ArrayFire.jl

ArrayFire is a library for GPU and accelerated computing. ArrayFire.jl wraps the ArrayFire library for Julia, and provides a Julian interface.

Installation

OSX

If you are on OSX, the easiest way to install arrayfire is by doing

brew install arrayfire

This would download and install arrayfire and link the libraries libafcpu.so, and libafopencl.so to your usr/local/lib/ and link arrayfire.h to /usr/local/include.

Note that this binary contains libraries only for the CPU (libafcpu) and OpenCL backends (libafopencl). If you want the CUDA backend, you have to download a different binary, or build the library from source.

NOTE:

Even if you do download an arrayfire binary with the CUDA backend (libafcuda), you need to have CUDA installed on your system. If you don't already, check out these instructions on how to install it on a Mac.
You have to build from source for any custom configurations too (such as linking to a different BLAS library).

Linux

On Linux, you can either download a binary from the official site, or you can build from source.
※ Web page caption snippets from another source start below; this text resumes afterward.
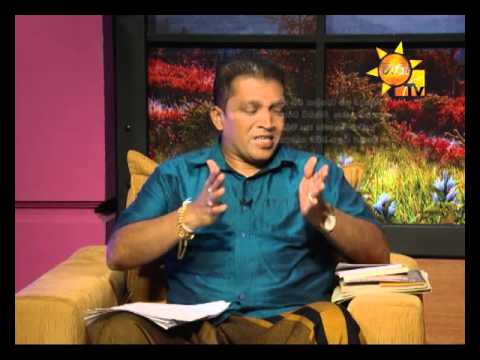 Hiru TV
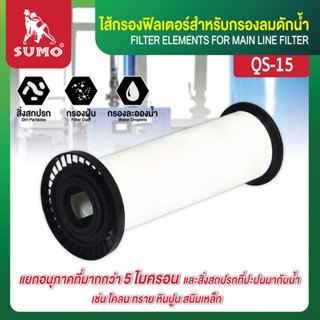 SUMO ไส้กรองฟิลเตอร์สำหรับกรองลมดักน้ำ QS-15 กรองอนุภาคได้ 5…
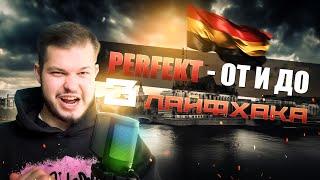 PERFEKT - ОТ И ДО | 3 ЛАЙФХАКА | Deutsch bei Oleg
Now that you have arrayfire installed, make sure libaf in your system path or LD_LIBRARY_PATH. Note that libaf is the library for the unified backend. For more information on the unified backend, refer to the backends section.

Now, start Julia, and do:

Pkg.add("ArrayFire")

You can also get the latest nightly version of ArrayFire.jl by doing:

Pkg.checkout("ArrayFire")

Check if ArrayFire.jl works by running the tests:

Pkg.test("ArrayFire")

If you have any issues getting ArrayFire.jl to work, please check the Troubleshooting section below. If it still doesn't work, please file an issue.

Simple Usage

Congratulations, you've now installed ArrayFire.jl! Now what can you do?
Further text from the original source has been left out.